SUPPLIED RECORDS
——————————
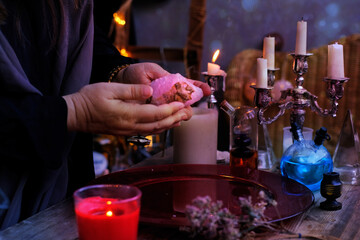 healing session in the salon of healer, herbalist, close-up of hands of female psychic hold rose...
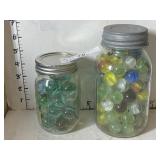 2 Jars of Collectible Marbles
——————————
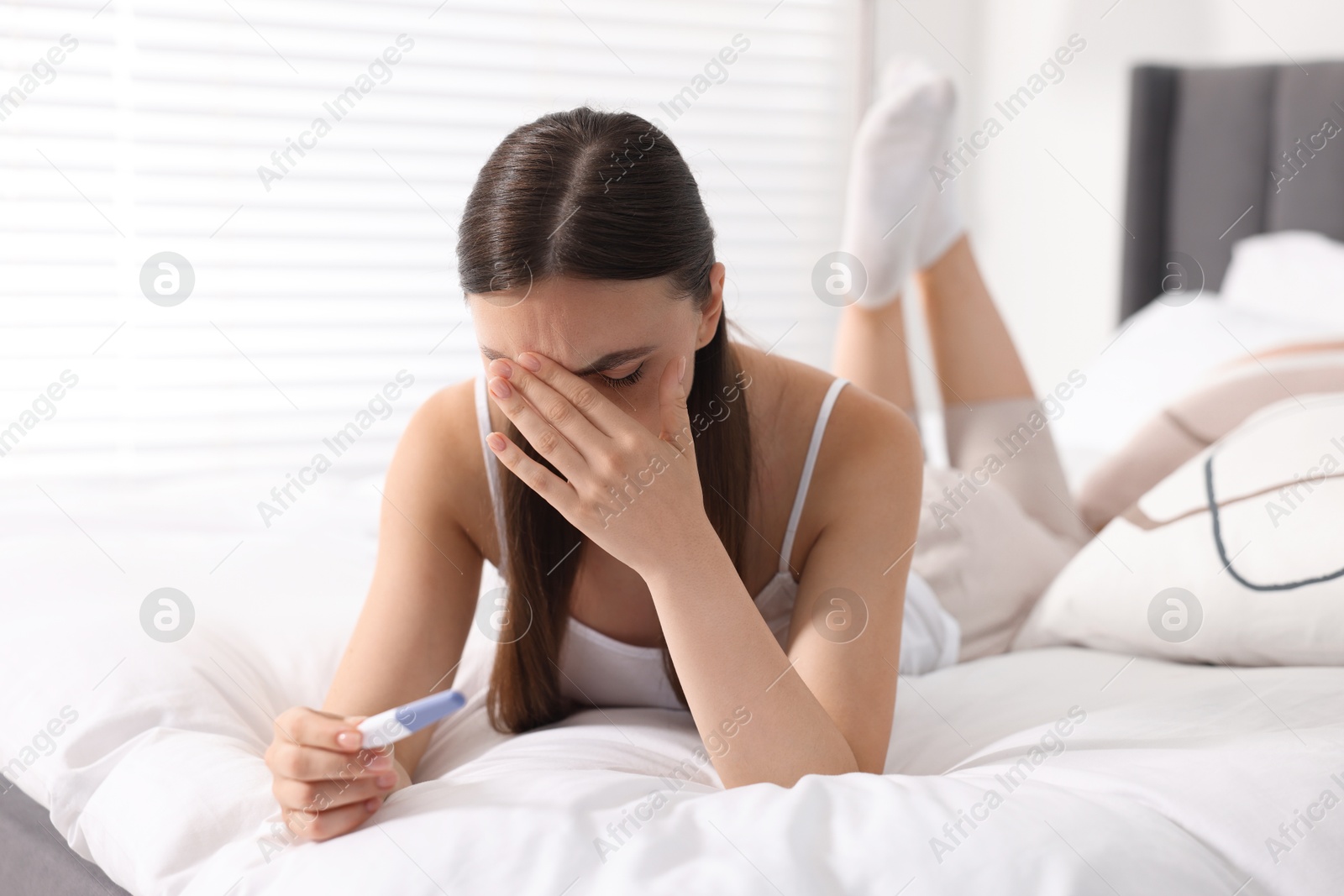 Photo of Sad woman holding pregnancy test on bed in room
——————————
From the records above, copy only the lines running from the line containing "healing session in" to the line containing "2 Jars of Collectible Marbles", both ends included. Leave the pictures out.

 healing session in the salon of healer, herbalist, close-up of hands of female psychic hold rose...
 2 Jars of Collectible Marbles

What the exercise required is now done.